-- Supplied data follows --
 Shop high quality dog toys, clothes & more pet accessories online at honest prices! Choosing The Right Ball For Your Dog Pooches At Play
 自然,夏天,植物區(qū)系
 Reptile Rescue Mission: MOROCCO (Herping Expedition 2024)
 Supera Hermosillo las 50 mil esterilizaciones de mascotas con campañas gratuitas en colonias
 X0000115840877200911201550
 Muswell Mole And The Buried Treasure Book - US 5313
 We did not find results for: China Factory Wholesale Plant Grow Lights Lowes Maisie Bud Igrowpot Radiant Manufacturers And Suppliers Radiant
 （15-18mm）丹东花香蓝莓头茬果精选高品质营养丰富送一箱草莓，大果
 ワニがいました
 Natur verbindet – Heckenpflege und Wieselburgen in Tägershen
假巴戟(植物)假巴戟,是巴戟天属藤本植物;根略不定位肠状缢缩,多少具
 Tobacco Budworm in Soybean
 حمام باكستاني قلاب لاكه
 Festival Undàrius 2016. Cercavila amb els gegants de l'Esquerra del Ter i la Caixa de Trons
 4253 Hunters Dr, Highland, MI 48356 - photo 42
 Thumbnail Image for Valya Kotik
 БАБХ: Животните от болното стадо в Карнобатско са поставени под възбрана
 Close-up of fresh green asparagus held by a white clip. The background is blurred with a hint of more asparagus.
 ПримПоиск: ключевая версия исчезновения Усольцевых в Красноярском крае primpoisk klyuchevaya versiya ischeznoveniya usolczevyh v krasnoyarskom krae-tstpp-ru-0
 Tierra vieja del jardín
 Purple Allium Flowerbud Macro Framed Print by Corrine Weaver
-- Supplied data concluded --
About this task: Please write out, exactly as they appear, the lines from the one containing "Muswell Mole And" through the last line of the records above, and nothing more.

Reply to the task:
 Muswell Mole And The Buried Treasure Book - US 5313
 We did not find results for: China Factory Wholesale Plant Grow Lights Lowes Maisie Bud Igrowpot Radiant Manufacturers And Suppliers Radiant
 （15-18mm）丹东花香蓝莓头茬果精选高品质营养丰富送一箱草莓，大果
 ワニがいました
 Natur verbindet – Heckenpflege und Wieselburgen in Tägershen
假巴戟(植物)假巴戟,是巴戟天属藤本植物;根略不定位肠状缢缩,多少具
 Tobacco Budworm in Soybean
 حمام باكستاني قلاب لاكه
 Festival Undàrius 2016. Cercavila amb els gegants de l'Esquerra del Ter i la Caixa de Trons
 4253 Hunters Dr, Highland, MI 48356 - photo 42
 Thumbnail Image for Valya Kotik
 БАБХ: Животните от болното стадо в Карнобатско са поставени под възбрана
 Close-up of fresh green asparagus held by a white clip. The background is blurred with a hint of more asparagus.
 ПримПоиск: ключевая версия исчезновения Усольцевых в Красноярском крае primpoisk klyuchevaya versiya ischeznoveniya usolczevyh v krasnoyarskom krae-tstpp-ru-0
 Tierra vieja del jardín
 Purple Allium Flowerbud Macro Framed Print by Corrine Weaver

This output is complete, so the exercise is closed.